In most cases, there is no need for this type of report to be interpreted by a doctor. Any competent adult with a duty of care to the athlete can act on a "retest required" report - by having the athlete take another test. Make sure that the athlete is rested, seated in a quiet environment and is not distracted. It is also a good idea to have the athlete practice the test again before performing another baseline test.
As with all reports, it is crucial that you read and carefully consider all advice presented in the 'Results Summary' section of the report.
Poor Baseline - specialist interpretation required
Sometimes an athlete will perform below the normal range on two consecutive attempts at CogState Sport. When this occurs, the report will show a red cross and will recommend that any after-injury test report be interpreted by a specialist with expertise in neuropsychological assessment. This might include a neuropsychologist, neurologist or neurosurgeon.
Baseline results that fall outside the normal range for cognitive performance may indicate an undiagnosed medical or other condition for which treatment may be needed and, in case of such results, the athlete should be seen by a medical professional. For these reasons, these types of reports are accompanied by a recommendation that the athlete take the report to a medical professional.
If a patient has presented to you with a report like this then you should look for a medical or other condition which might have caused this poor performance. As a minimum you should consider all of the factors in the table "Factors which may cause changes in performance on CogState Sport testing". However, after investigation you may judge that there is nothing wrong - and that the only problem is that the patient performs poorly in this type of test.

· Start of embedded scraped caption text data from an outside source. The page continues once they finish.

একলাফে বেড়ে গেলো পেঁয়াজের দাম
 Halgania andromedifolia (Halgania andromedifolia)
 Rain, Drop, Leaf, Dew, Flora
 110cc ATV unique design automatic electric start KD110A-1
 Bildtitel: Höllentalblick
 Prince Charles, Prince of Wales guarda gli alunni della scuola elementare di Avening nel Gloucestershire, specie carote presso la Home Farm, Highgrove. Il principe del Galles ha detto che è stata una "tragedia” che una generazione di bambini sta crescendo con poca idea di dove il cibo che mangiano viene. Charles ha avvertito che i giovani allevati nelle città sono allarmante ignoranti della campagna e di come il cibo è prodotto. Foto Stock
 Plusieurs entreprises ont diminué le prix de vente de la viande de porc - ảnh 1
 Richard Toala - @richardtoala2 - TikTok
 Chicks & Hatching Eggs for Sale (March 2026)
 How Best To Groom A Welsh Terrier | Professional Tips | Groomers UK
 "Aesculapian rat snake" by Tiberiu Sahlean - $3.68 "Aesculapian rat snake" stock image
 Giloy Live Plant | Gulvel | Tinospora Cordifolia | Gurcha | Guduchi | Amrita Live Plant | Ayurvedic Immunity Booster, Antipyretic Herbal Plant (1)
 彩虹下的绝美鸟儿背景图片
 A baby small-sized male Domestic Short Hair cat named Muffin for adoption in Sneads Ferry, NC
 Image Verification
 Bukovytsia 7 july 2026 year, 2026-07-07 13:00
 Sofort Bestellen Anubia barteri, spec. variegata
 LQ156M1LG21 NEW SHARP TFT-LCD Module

In that case, one of things you should do is to warn the patient (or parents, school, etc) that in the event of a concussion, they will need to be referred to a specialist.
Sections of the baseline report
- Codename: Identifies the athlete. For privacy reasons the athlete's name should not be used, a codename (or number) should be used.
- Date of Birth: Displays the athlete's date of birth, as reported by the athlete when the test was taken.
- Education: Records the highest level of education completed by the athlete, as reported by the athlete when test taken.
- Handedness: Records the athlete's choice of "I am right handed", "I am left handed". The keypress responses are set so that a "yes" answer is always given with the dominant hand.
- Date of test / Time of test: Reports the date and time set on the computer when the test was taken.
- Type of test: Should say "Baseline test".
- Test ID: For CogState use, allows us to identify the particular test in case of query.
- Account username: This is the username of the account holder (e.g. team). It is not the same as codename, which identifies the athlete.
- Result Summary: This section gives a written summary of the athlete's performance compared to an age and education matched 'normal range' derived from a group of peers.
- Clinical Symptom Checklist: This is a self-rated (i.e. the athlete picks the responses) symptom scale taken from the Prague Guidelines Sport Concussion Assessment Tool (SCAT).